◆ Directions for this task:
Leave out the pictures and restate exactly, and only, the lines from the one that contains "Daughters Day Deal" through the final line of the material below.

◆ Data excerpt:
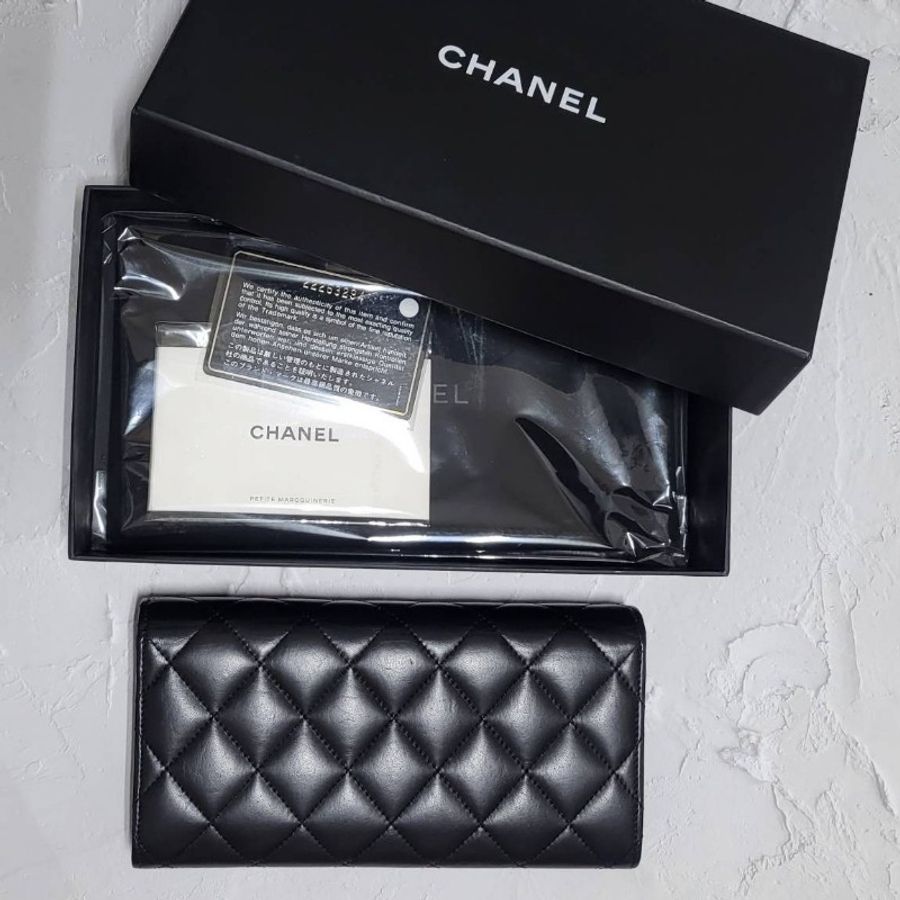 Chanel 香奈兒 2.55黑金口蓋 揉製牛皮長夾-9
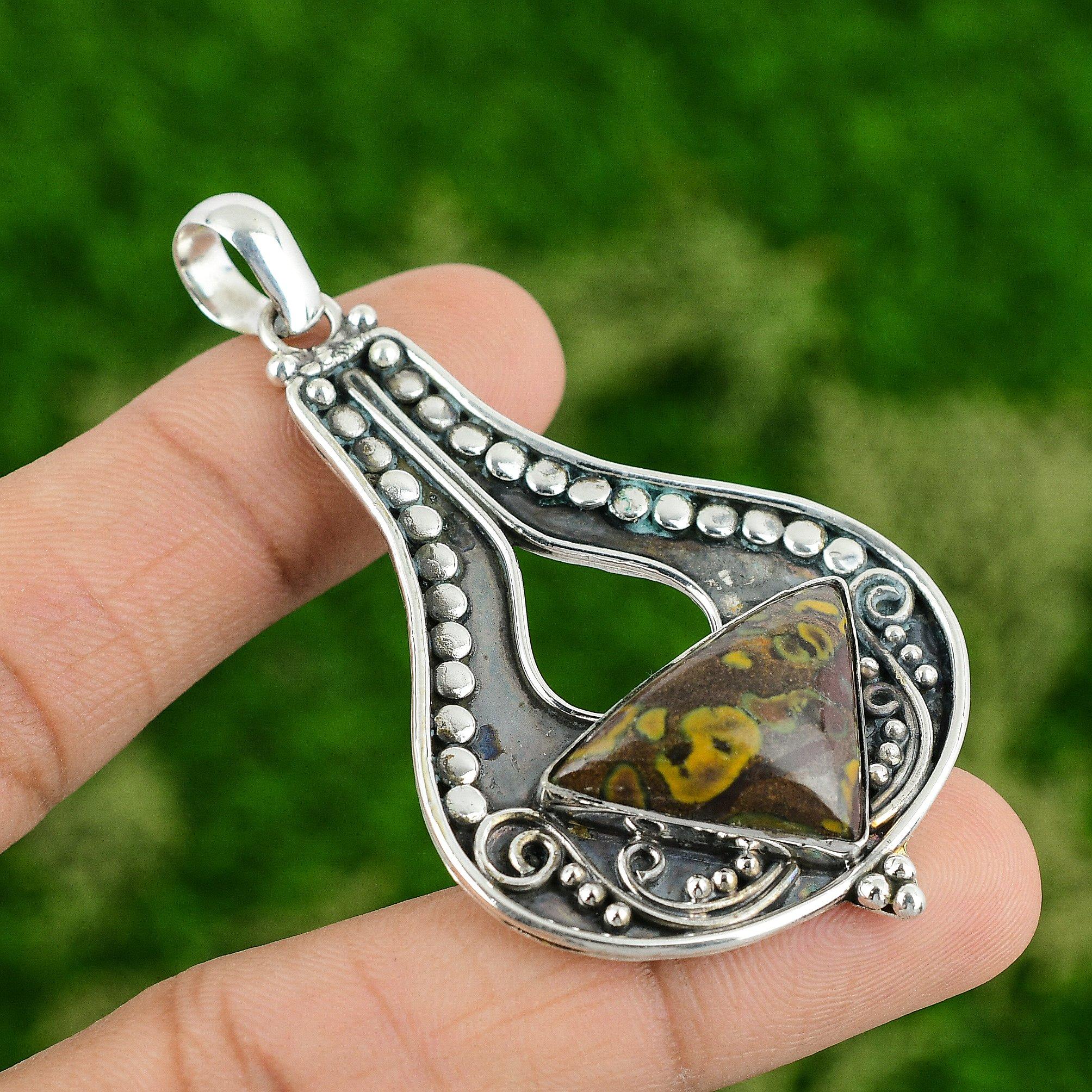 

Daughters Day Deal Trillion Rhyolite Stone Bezel Sister Boho Pendant 925 Silver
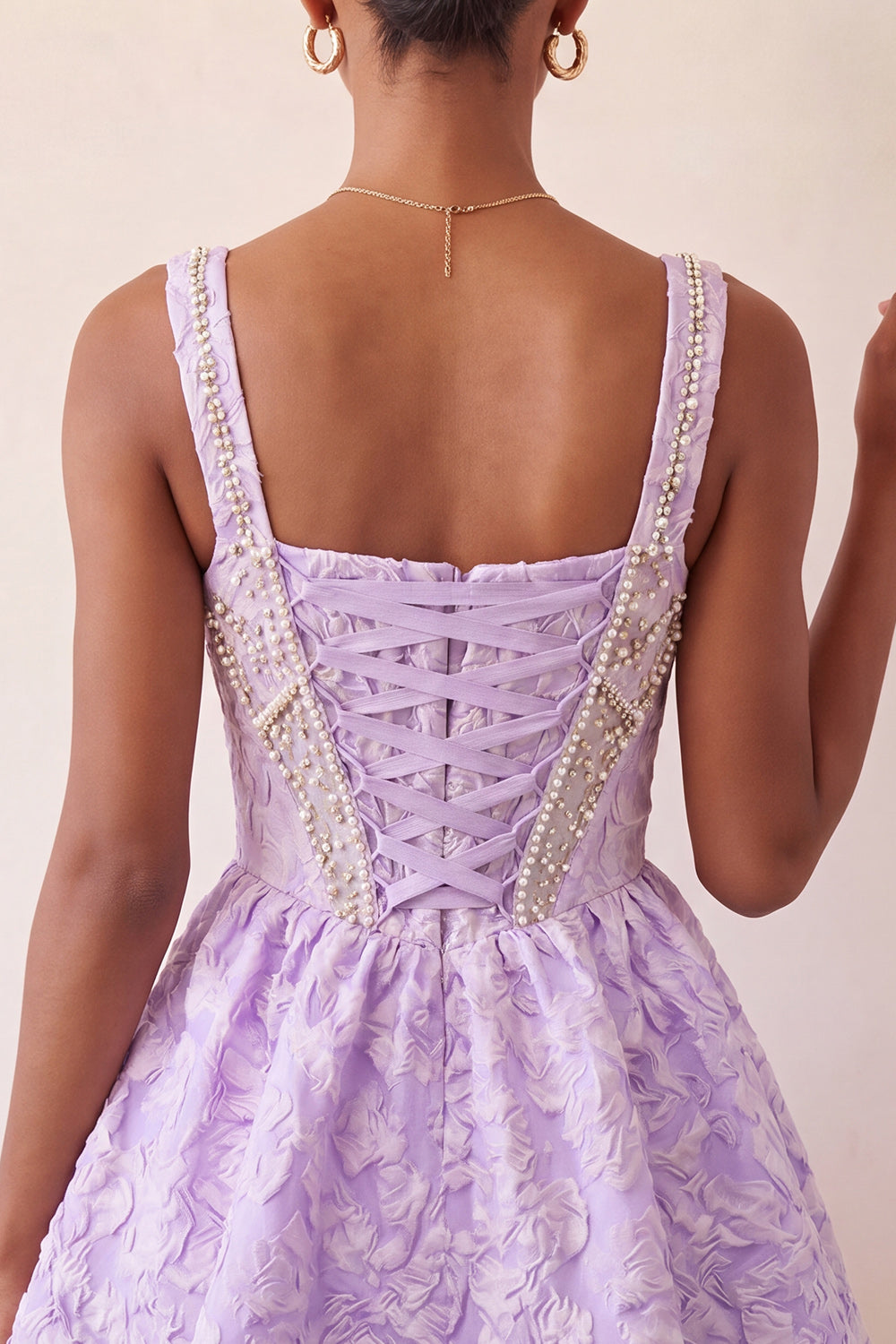 Pink Corset Jacquard Beaded A-Line Short Homecoming Dress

◆ Result:
Daughters Day Deal Trillion Rhyolite Stone Bezel Sister Boho Pendant 925 Silver
 Pink Corset Jacquard Beaded A-Line Short Homecoming Dress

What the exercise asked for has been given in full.